Like most bloggers, I get upwards of a dozen posts like this a week. It’s not terribly surprising; I have a mid-range pagerank blog (my site’s a 4 right now), and I also have infrequent posting with low enough traffic that it probably appears that I’m a both an SEO novice and hungry for content. So I look like an easy mark to anyone practicing black hat SEO tricks.
But I think the days of getting emails like the one I quoted above are in the past. In a recent post on his blog, Matt Cutts (head of Google’s Webspam Team) wrote:
“Ultimately, this is why we can’t have nice things in the SEO space: a trend starts out as authentic. Then more and more people pile on until only the barest trace of legitimate behavior remains. We’ve reached the point in the downward spiral where people are hawking “guest post outsourcing” and writing articles about “how to automate guest blogging.”
So stick a fork in it: guest blogging is done; it’s just gotten too spammy. In general I wouldn’t recommend accepting a guest blog post unless you are willing to vouch for someone personally or know them well. Likewise, I wouldn’t recommend relying on guest posting, guest blogging sites, or guest blogging SEO as a linkbuilding strategy.”

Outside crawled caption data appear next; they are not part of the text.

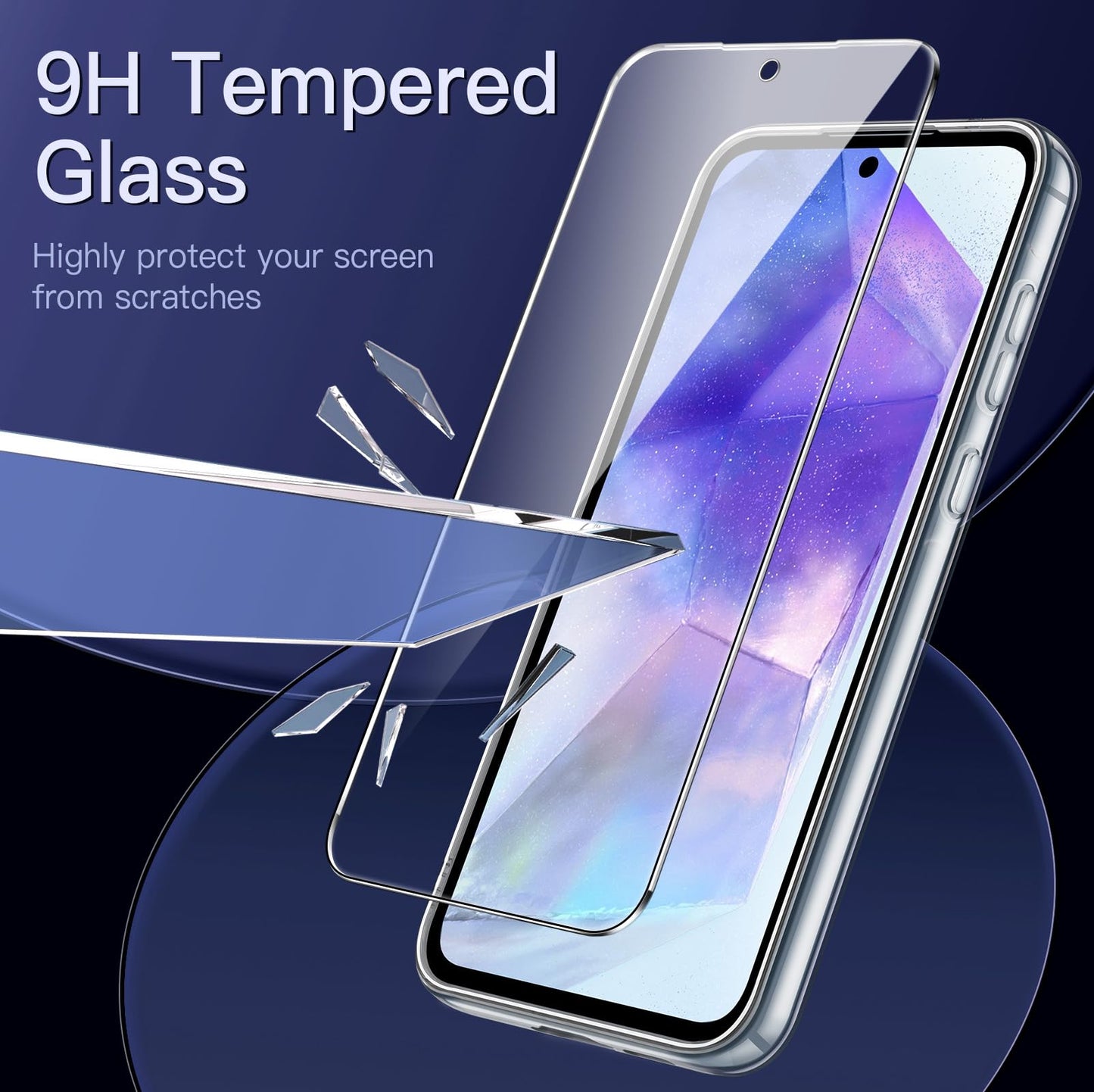 JETech 3 en 1 Funda para Samsung Galaxy A55 5G, con 2 Unidades Protector Pantalla, Mica Cristal Vidrio Templado, Carcasa Antigolpes Protectora Respaldo Transparente (Transparente)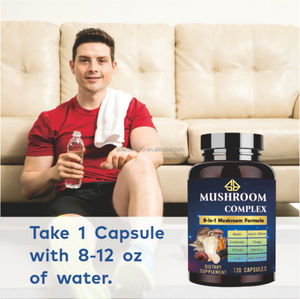 Suplemento Energético y para la Memoria para Adultos OEM, Complejo Natural de 8 Hongos con Melena de León, Cordyceps y Reishi, 120 Cápsulas - Product Image 3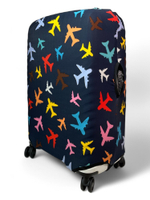 Чехол на чемодан 28", цвет чёрный/разноцветный, Самолетики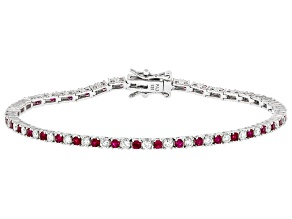 Pre-Owned Lab Created Ruby And Lab-Grown Diamond Rhodium Over Sterling Silver Tennis Bracelet 3.31ct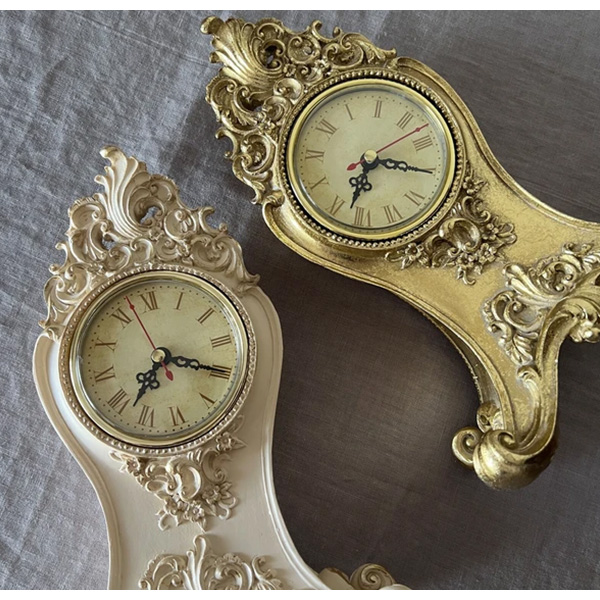 アンティーク調 置時計 アイボリーホワイト おしゃれ ロココ調 単三電池 プレゼント ギフト 引っ越し祝い-2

So what does this mean for you as a blogger? Well, as Matt Cutts said, don’t take guest posts from people you don’t know and don’t accept “guest posts” for pay. But of course you can continue to feature other writers or bloggers on your site (Kristen Howerton, for instance, has a lovely guest posting series on her site Rage Against the Minivan that is unlikely to raise any red flags at Google). As John Rampton pointed out in Search Engine Journal:
I’m positive that Cutts isn’t bashing on all guest posting but more on people that are only guest posting for a stupid link. Seriously people, stop guest posting for links. Guest post cause you’re now in front of a unique audience that you can teach something new to. Teach and inspire them. Show them something they haven’t seen before. Be a real part of a new community to expand your personal brand. Focus on HIGH-QUALITY and not lower/garbage posts.
Personally, I’ll just be happy if this reduces the onslaught of spammy emails I get on a daily basis. For now I’m going to respond to those pitches with Matt’s post. Maybe it will help all of us.